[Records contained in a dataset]
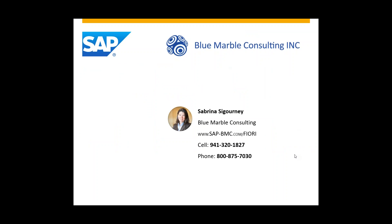As an authorized reseller of SAP S/4 Finance, Blue Marble Consulting can implement a solution just like this for you. For any questions or to request a live demo, please call one of our numbers listed here. And for an extensive catalog of all the different applications available for SAP Fiori, please visit our website at sap-bmc.com/fiori. We'll see you next week.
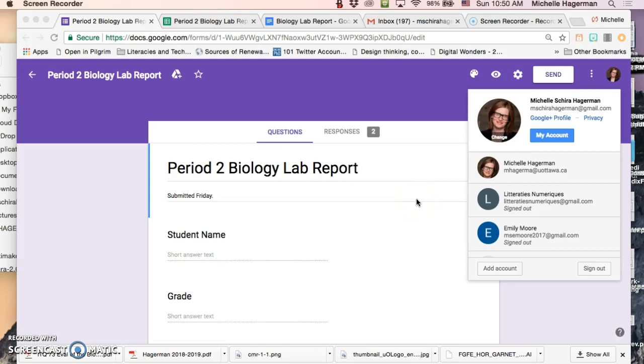Hi guys, it's taken me a couple of tries but I have figured out how to use Autocrat to create personalized reports that you can send to your students.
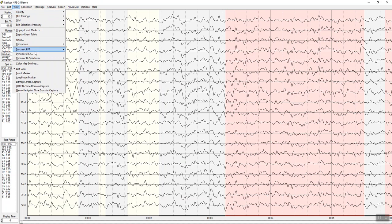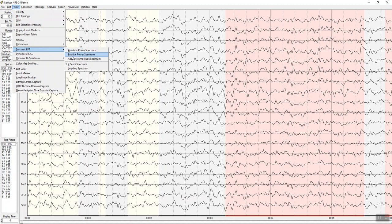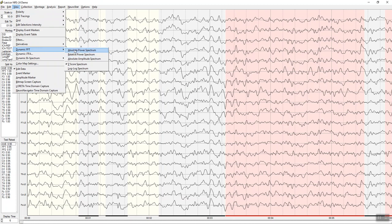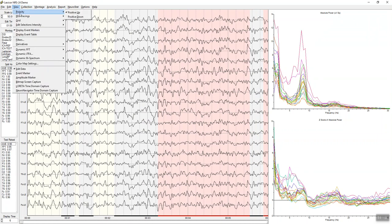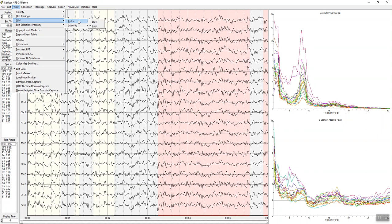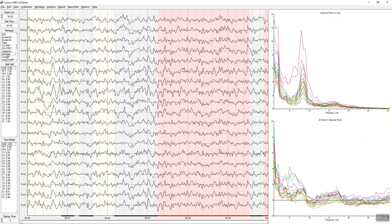At which time you can then compare it to a normative database by clicking on dynamic FFT absolute power, relative power, amplitude spectrum, etc. I'm going to look at the power spectrum. You can change your polarity of the EEG traces, you can change the colors of your traces, you can change the intensity of the color of the grids that you can see, those vertical lines in the visual display. You can change the intensity of the edit selections which you've seen here in the pink.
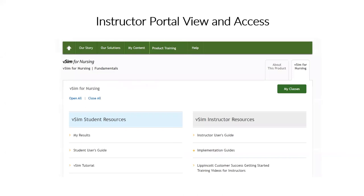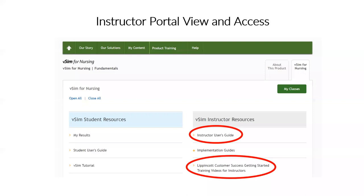Once the instructor is logged in, this is the instructor portal. Two key resources are available here: a downloadable user guide with step-by-step instructions on how to use the program, navigate through it, and interpret scores; and getting started training videos, which are self-paced modules that clinical or adjunct faculty can view to get started and launch the program themselves. These provide a comprehensive and intuitive way for faculty to learn about VSIM.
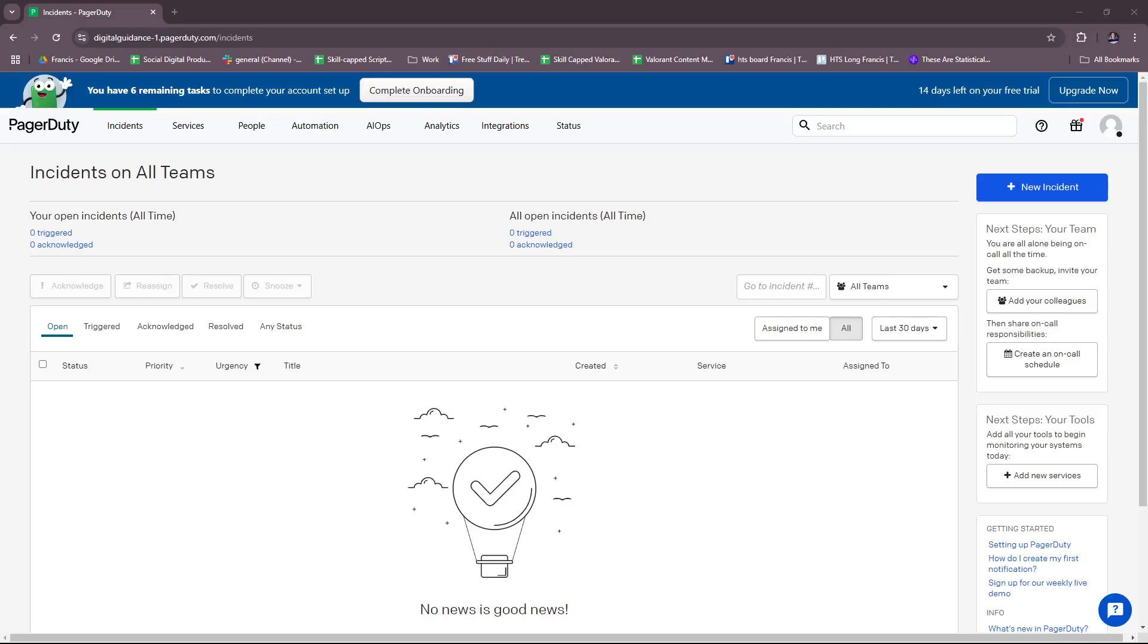Hello everyone, in today's video I'm going to show you a brief PagerDuty tutorial for beginners. This video will help you get started by providing a step-by-step guide to PagerDuty, so without further ado, let's get started.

**Work request:** Write out each line of the data exactly; the images should be left out.

**Result for this exercise:**
As an authorized reseller of SAP S/4 Finance, Blue Marble Consulting can implement a solution just like this for you. For any questions or to request a live demo, please call one of our numbers listed here. And for an extensive catalog of all the different applications available for SAP Fiori, please visit our website at sap-bmc.com/fiori. We'll see you next week.
Hi guys, it's taken me a couple of tries but I have figured out how to use Autocrat to create personalized reports that you can send to your students.
At which time you can then compare it to a normative database by clicking on dynamic FFT absolute power, relative power, amplitude spectrum, etc. I'm going to look at the power spectrum. You can change your polarity of the EEG traces, you can change the colors of your traces, you can change the intensity of the color of the grids that you can see, those vertical lines in the visual display. You can change the intensity of the edit selections which you've seen here in the pink.
Once the instructor is logged in, this is the instructor portal. Two key resources are available here: a downloadable user guide with step-by-step instructions on how to use the program, navigate through it, and interpret scores; and getting started training videos, which are self-paced modules that clinical or adjunct faculty can view to get started and launch the program themselves. These provide a comprehensive and intuitive way for faculty to learn about VSIM.
Hello everyone, in today's video I'm going to show you a brief PagerDuty tutorial for beginners. This video will help you get started by providing a step-by-step guide to PagerDuty, so without further ado, let's get started.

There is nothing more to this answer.